[Scraped caption text data]
__________

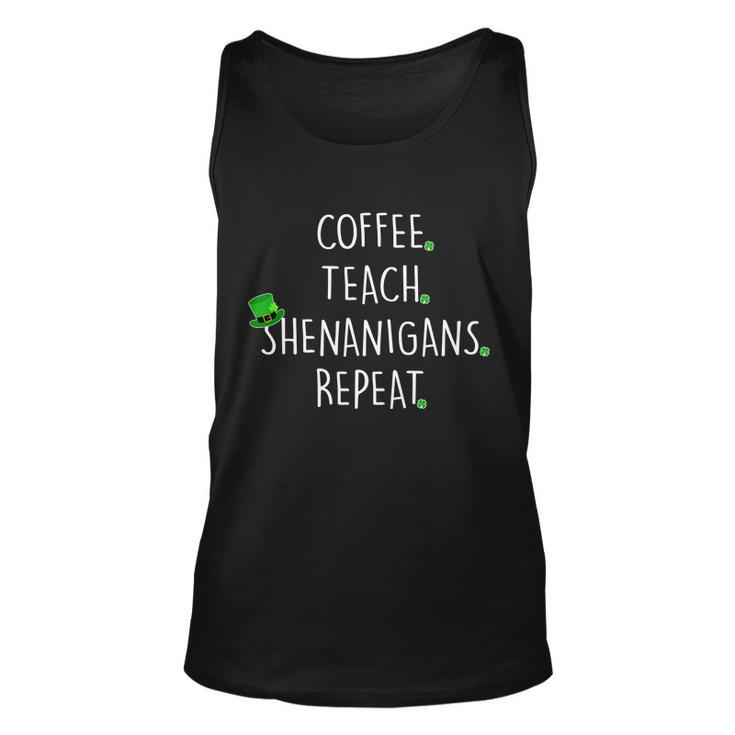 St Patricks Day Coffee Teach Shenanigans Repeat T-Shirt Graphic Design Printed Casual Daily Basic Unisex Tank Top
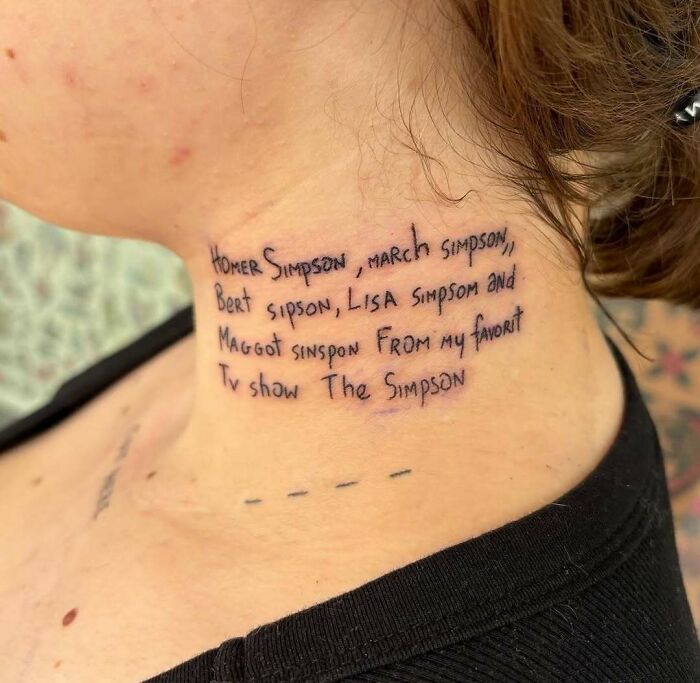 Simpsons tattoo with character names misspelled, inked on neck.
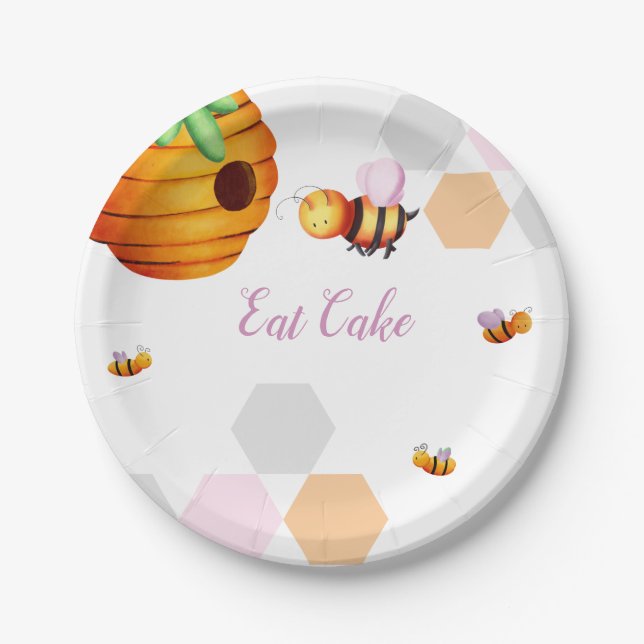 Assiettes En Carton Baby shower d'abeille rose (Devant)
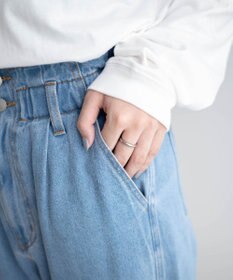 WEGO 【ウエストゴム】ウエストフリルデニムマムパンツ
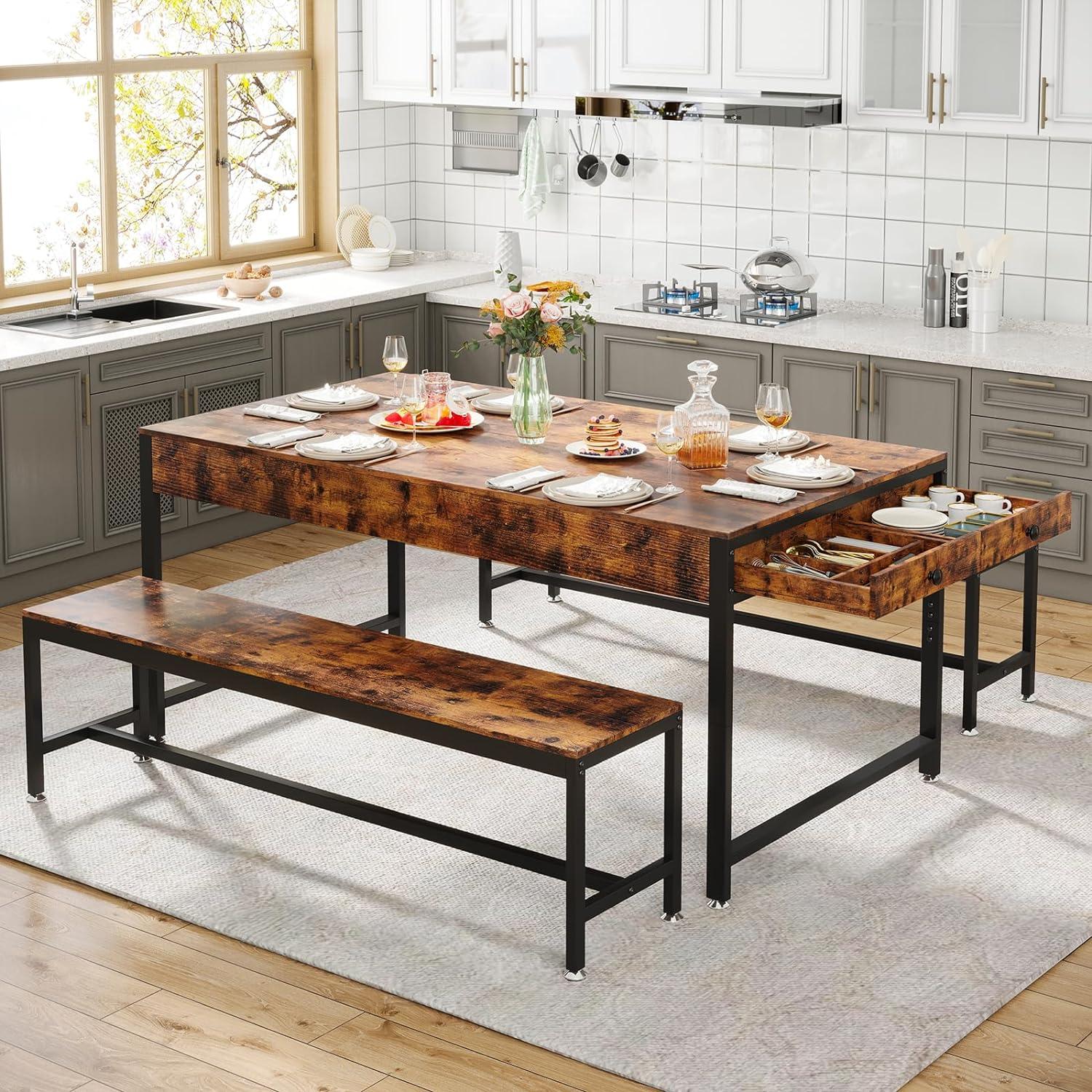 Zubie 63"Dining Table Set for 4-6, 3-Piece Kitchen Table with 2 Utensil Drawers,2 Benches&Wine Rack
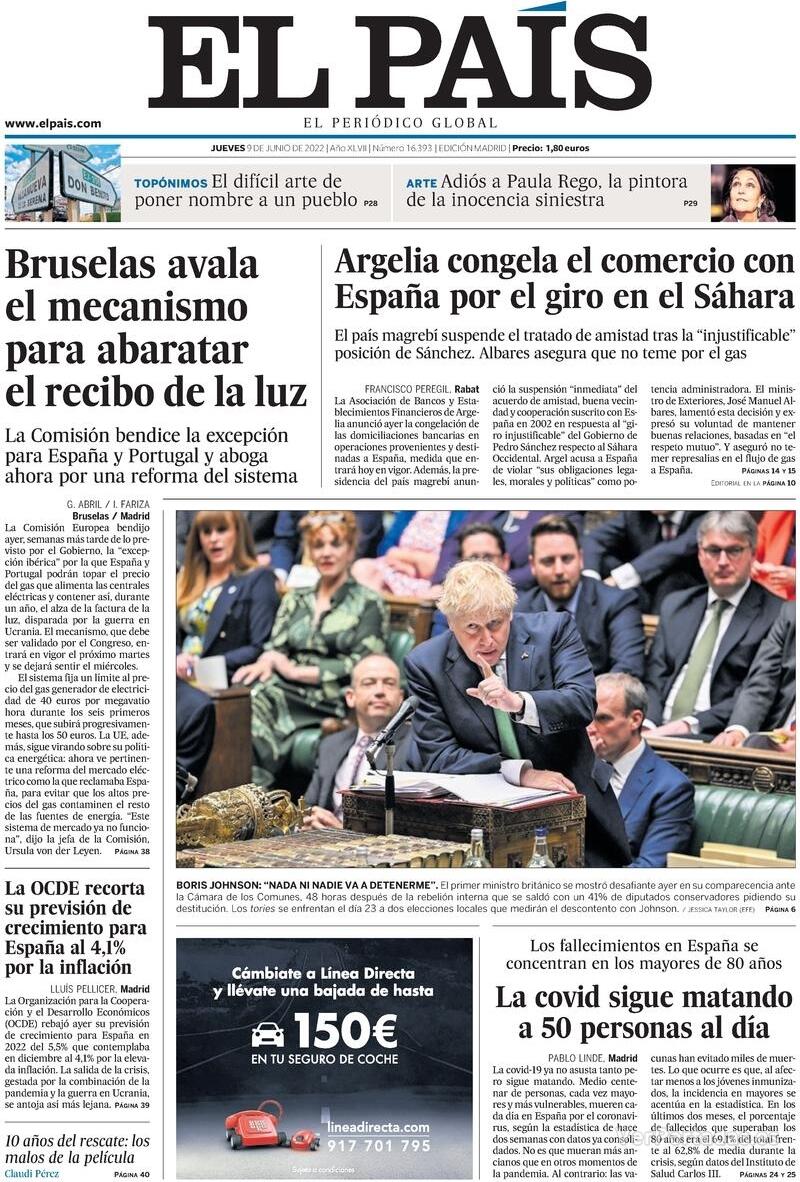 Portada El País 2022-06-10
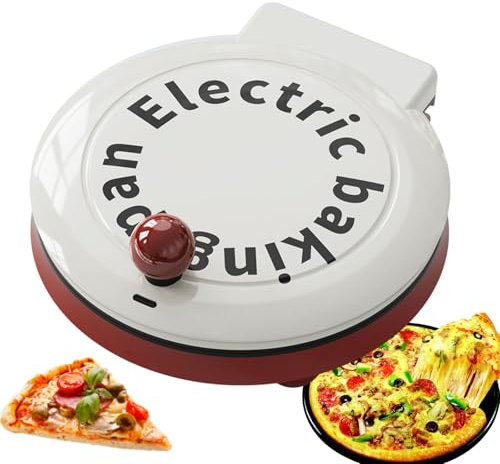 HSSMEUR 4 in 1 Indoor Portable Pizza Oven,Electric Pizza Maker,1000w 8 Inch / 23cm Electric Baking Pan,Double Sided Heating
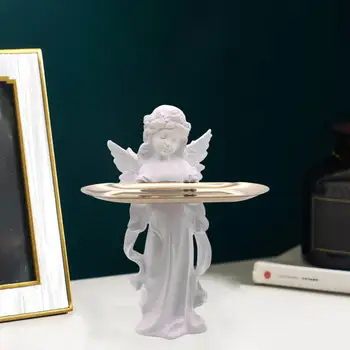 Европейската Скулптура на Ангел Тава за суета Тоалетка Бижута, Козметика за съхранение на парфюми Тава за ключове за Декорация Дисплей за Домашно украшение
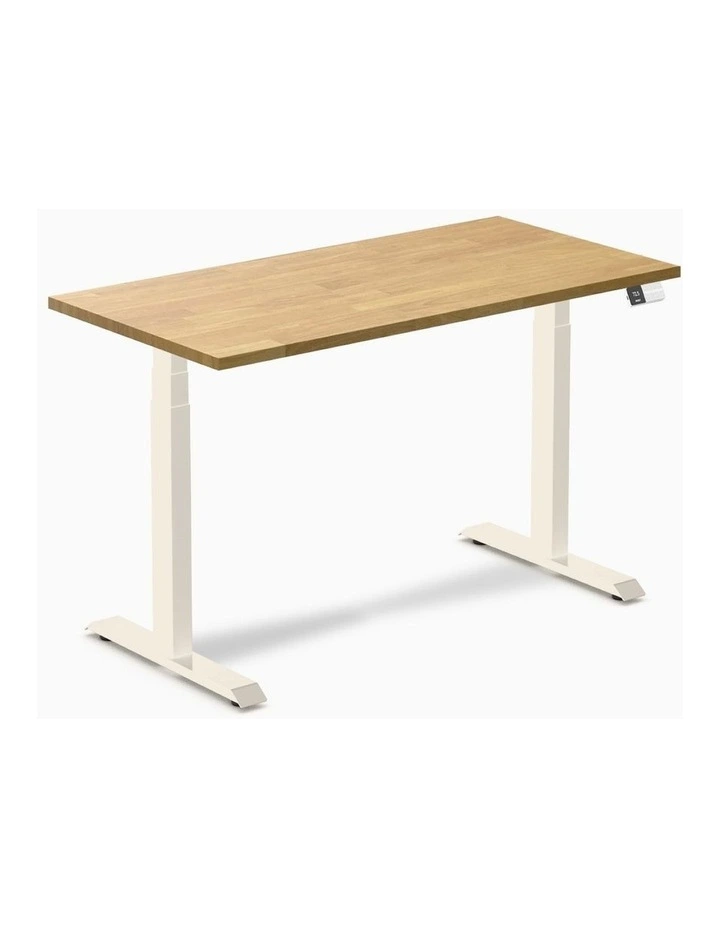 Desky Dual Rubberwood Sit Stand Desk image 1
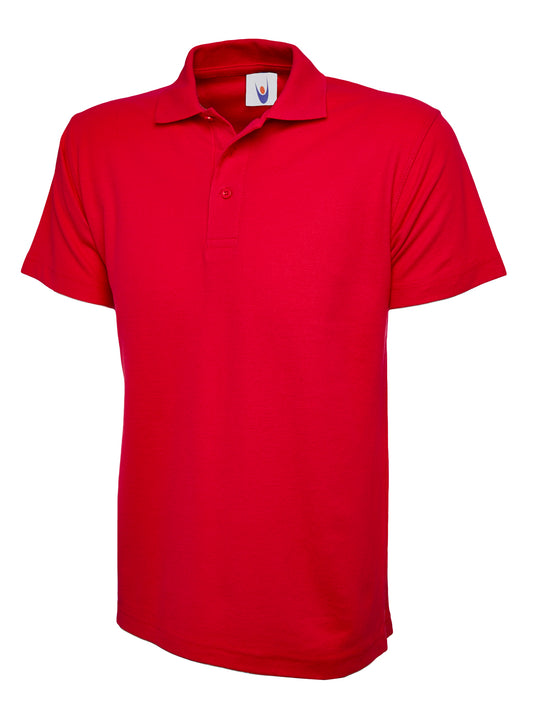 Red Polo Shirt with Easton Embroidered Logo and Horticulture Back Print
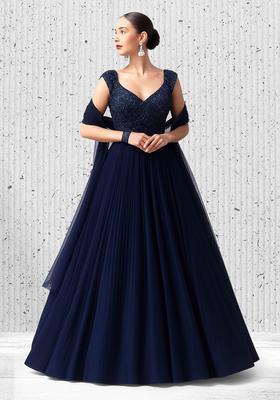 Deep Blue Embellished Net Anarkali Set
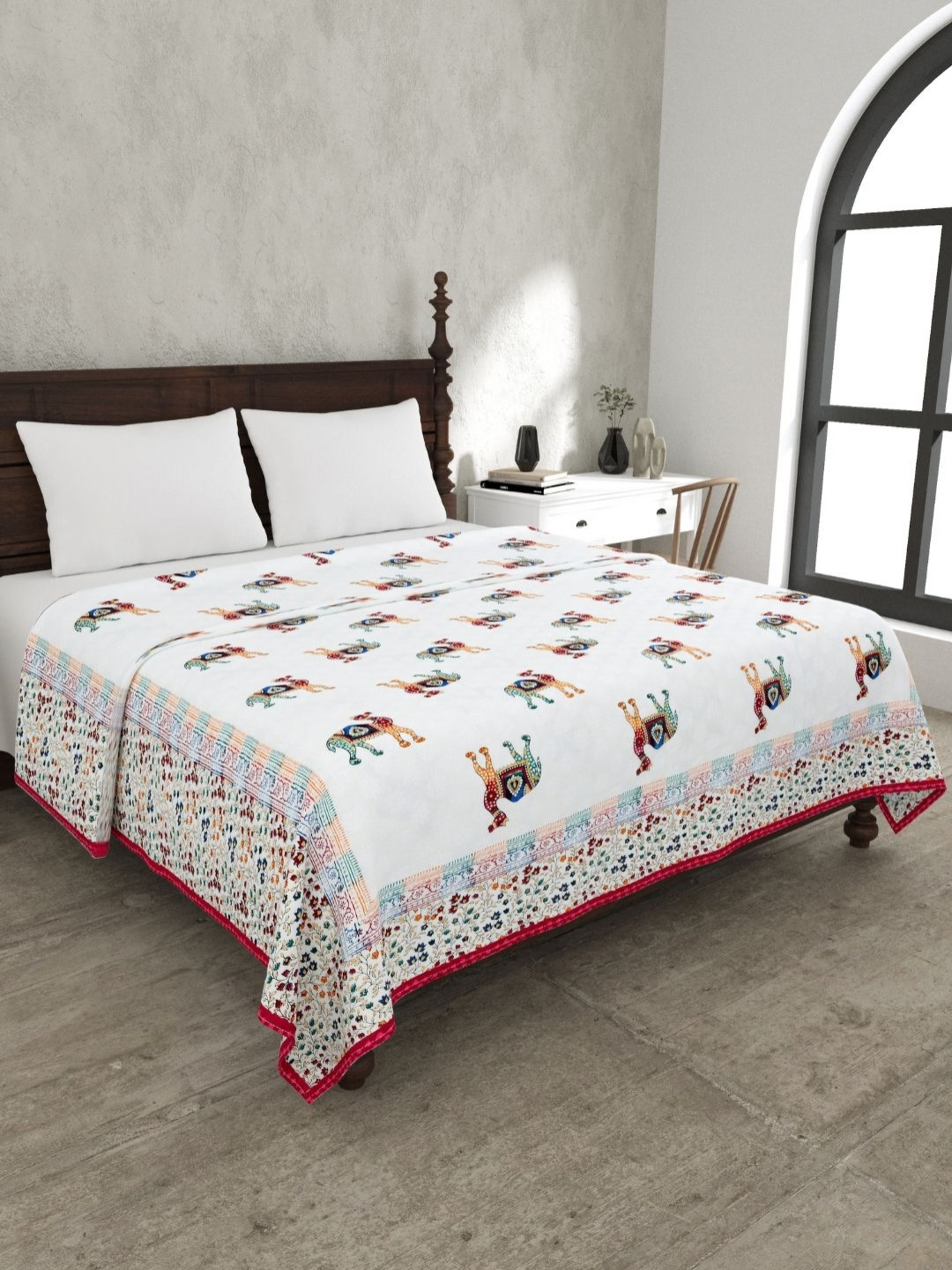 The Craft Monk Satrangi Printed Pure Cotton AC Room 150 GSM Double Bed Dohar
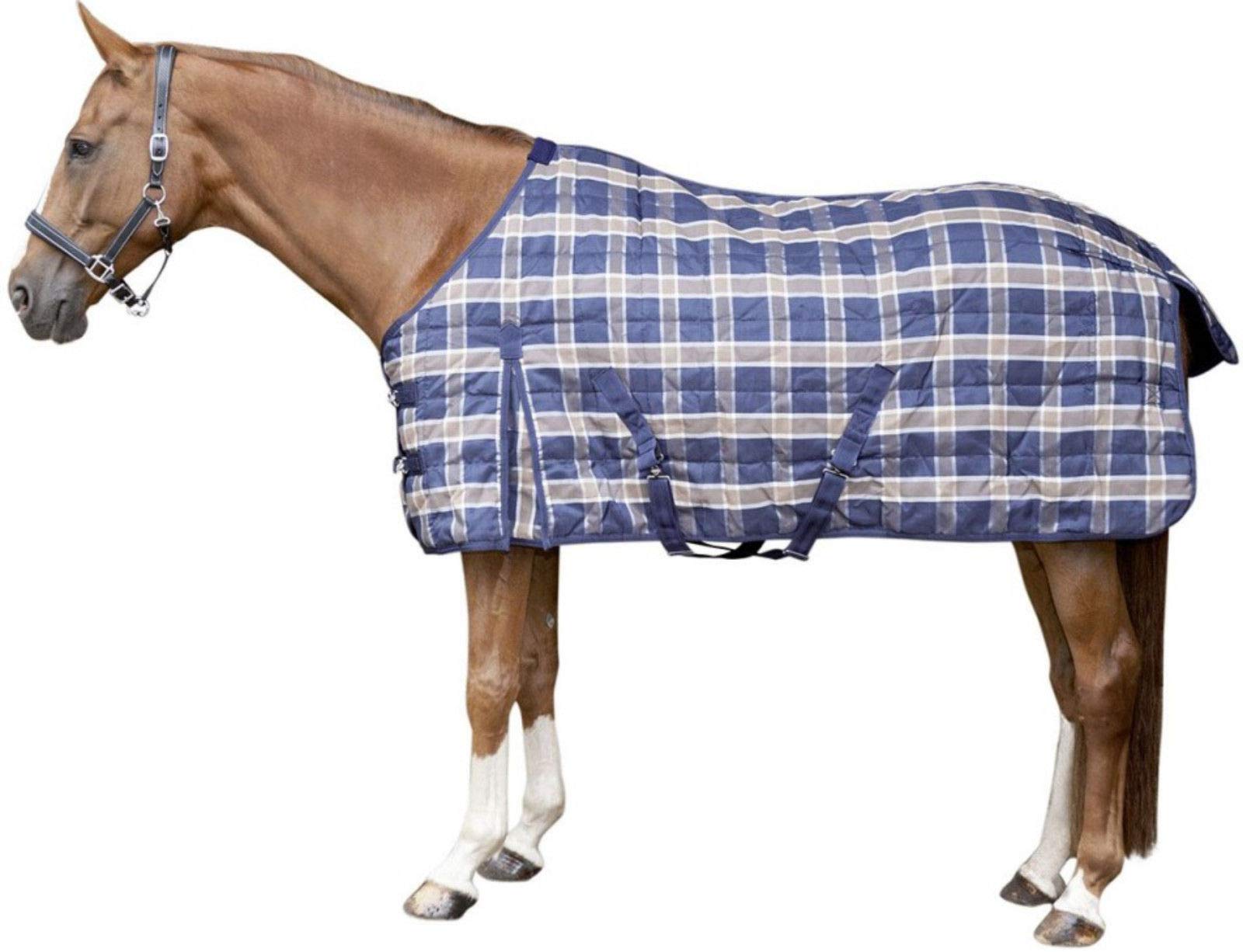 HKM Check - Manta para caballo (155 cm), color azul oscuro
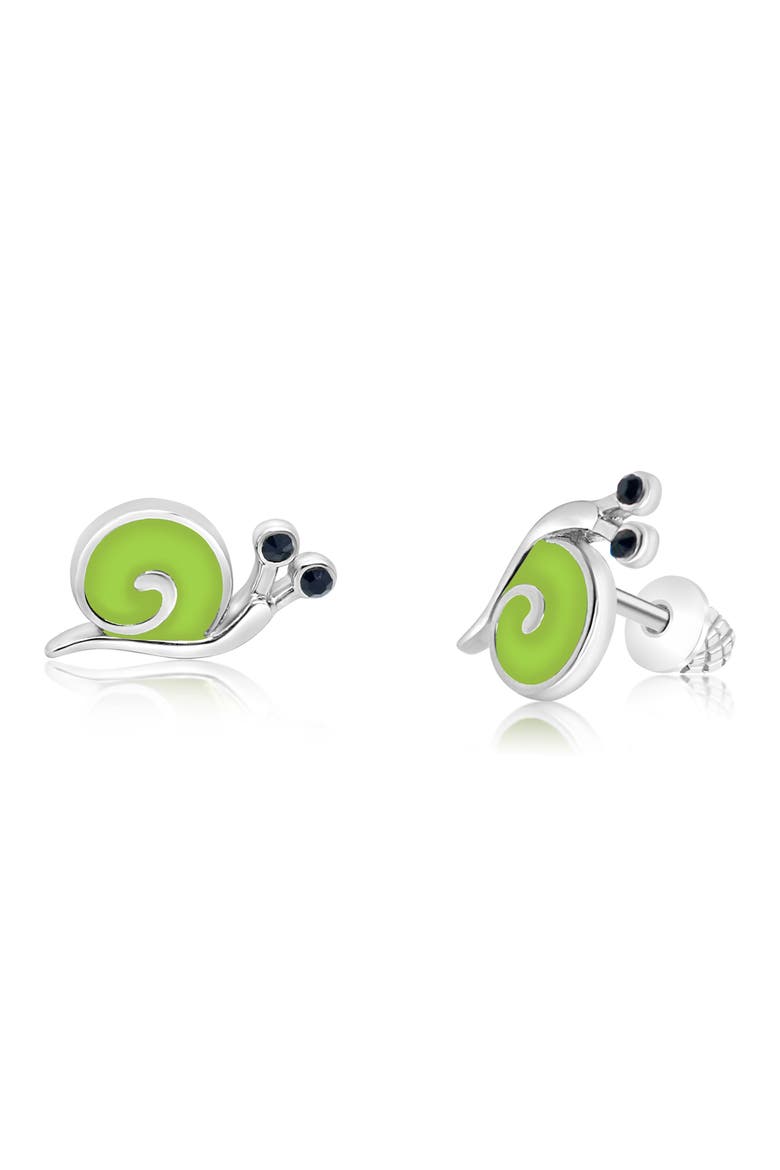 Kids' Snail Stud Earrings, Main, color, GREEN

__________

* **What is being asked**: Output each record above exactly as written. Skip any pictures.

* **Output below**:
 St Patricks Day Coffee Teach Shenanigans Repeat T-Shirt Graphic Design Printed Casual Daily Basic Unisex Tank Top
 Simpsons tattoo with character names misspelled, inked on neck.
 Assiettes En Carton Baby shower d'abeille rose (Devant)
 WEGO 【ウエストゴム】ウエストフリルデニムマムパンツ
 Zubie 63"Dining Table Set for 4-6, 3-Piece Kitchen Table with 2 Utensil Drawers,2 Benches&Wine Rack
 Portada El País 2022-06-10
 HSSMEUR 4 in 1 Indoor Portable Pizza Oven,Electric Pizza Maker,1000w 8 Inch / 23cm Electric Baking Pan,Double Sided Heating
 Европейската Скулптура на Ангел Тава за суета Тоалетка Бижута, Козметика за съхранение на парфюми Тава за ключове за Декорация Дисплей за Домашно украшение
 Desky Dual Rubberwood Sit Stand Desk image 1
 Red Polo Shirt with Easton Embroidered Logo and Horticulture Back Print
 Deep Blue Embellished Net Anarkali Set
 The Craft Monk Satrangi Printed Pure Cotton AC Room 150 GSM Double Bed Dohar
 HKM Check - Manta para caballo (155 cm), color azul oscuro
 Kids' Snail Stud Earrings, Main, color, GREEN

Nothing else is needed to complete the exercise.